## Excerpted records
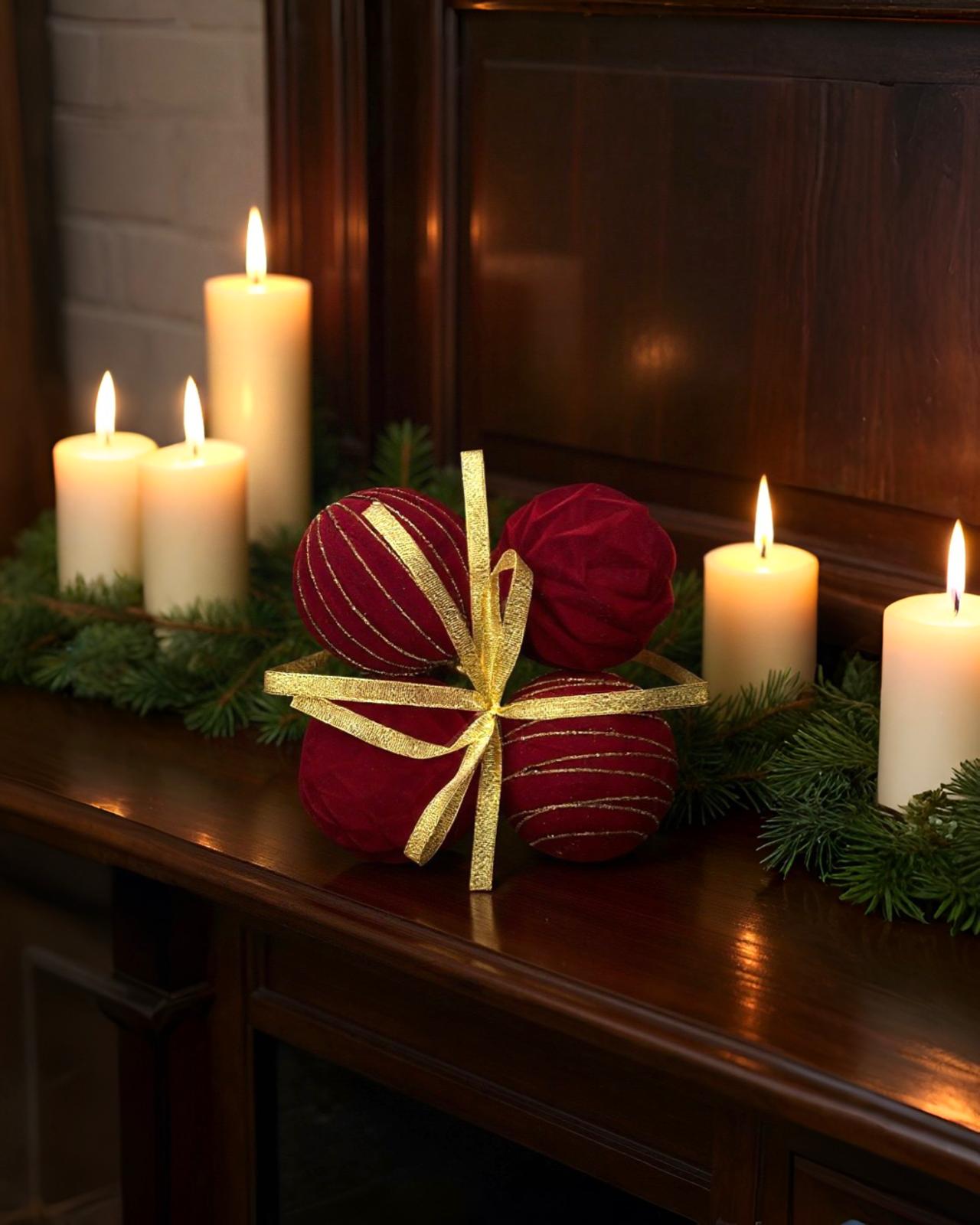 Yılbaşı Ağacı Kadife Desenli SüsTop 4 lü 10 CM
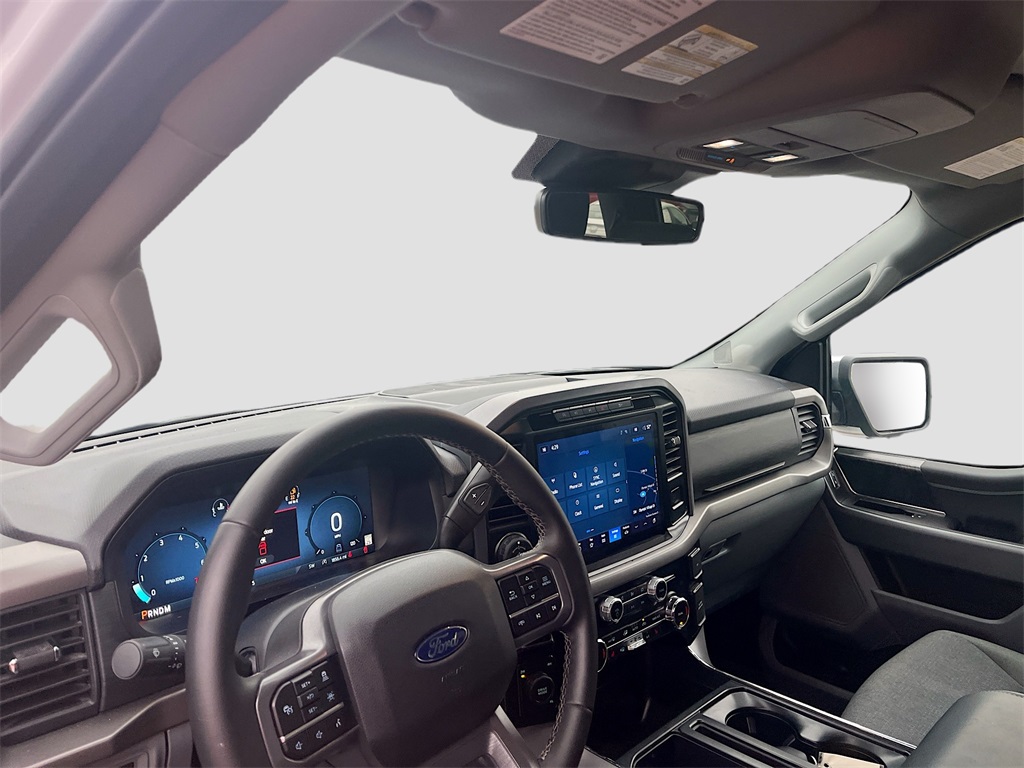 2024 Ford F-150 XLT photo 9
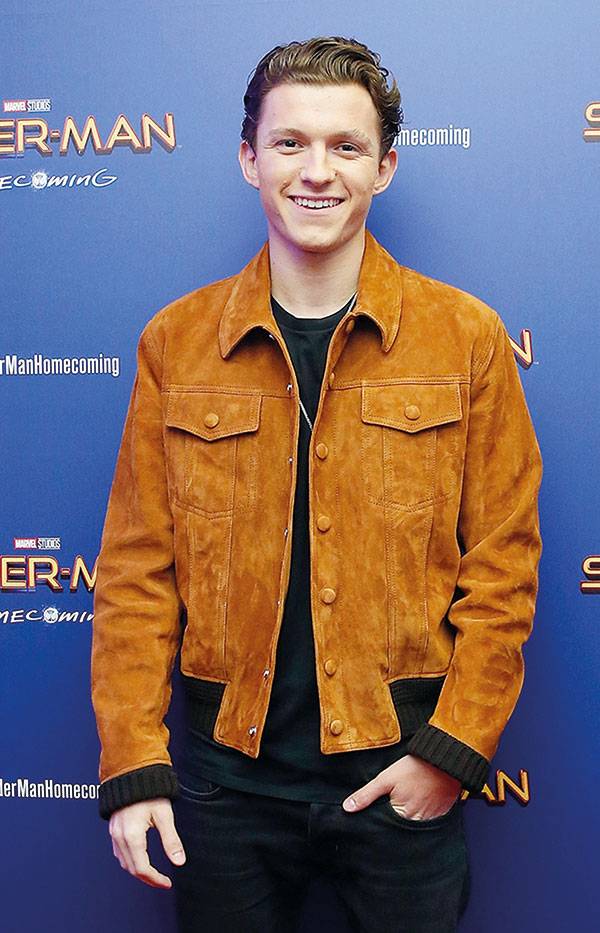 Saint Laurent تزيّن إطلالة توم هولاند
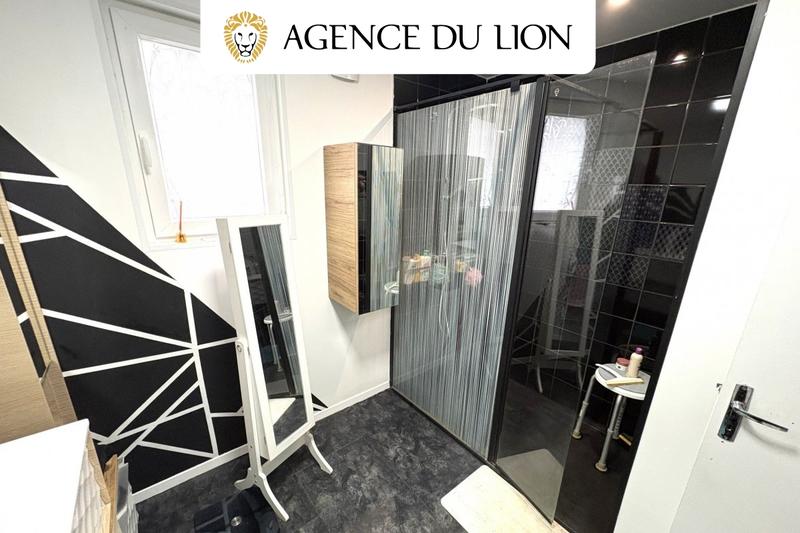 Maison - 201 m² - 9 pièces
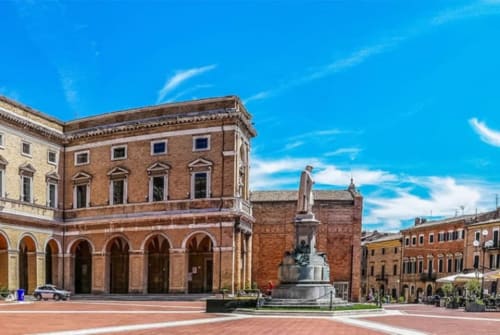 Recanati è la tipica “città balcone” per l’ampio panorama che si scorge. 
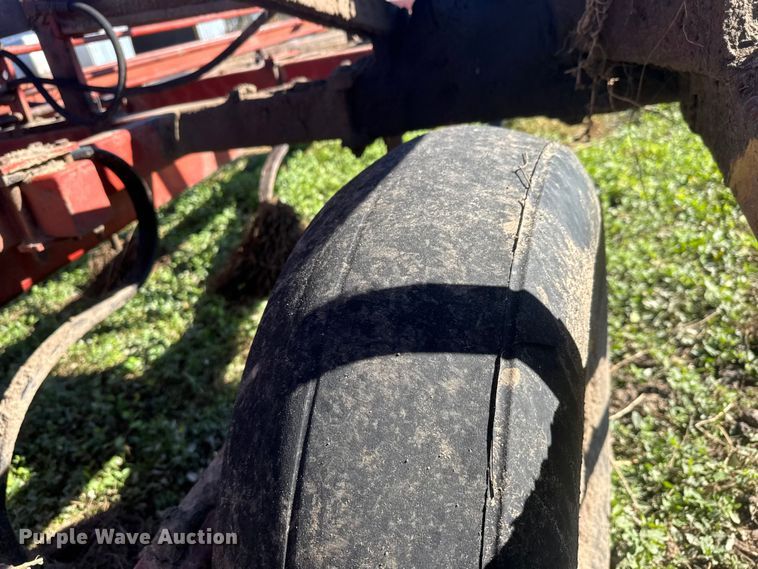 image for item NA9821 Sunflower 533127 field cultivator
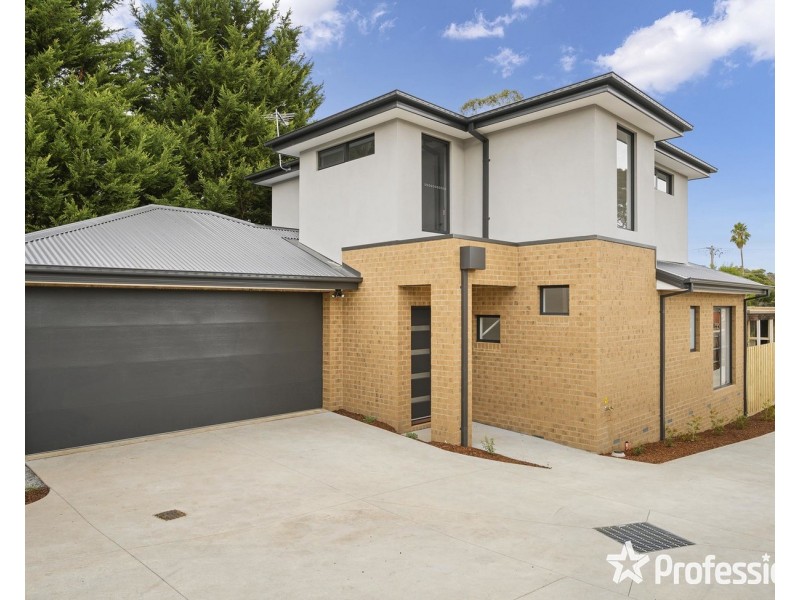 2/131 Lomond Avenue, Kilsyth VIC 3137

## What you have to do
Please, leaving out all pictures, transcribe exactly the lines above from the one containing "image for item" through the final line, both included.

## Answer to this problem
 image for item NA9821 Sunflower 533127 field cultivator
 2/131 Lomond Avenue, Kilsyth VIC 3137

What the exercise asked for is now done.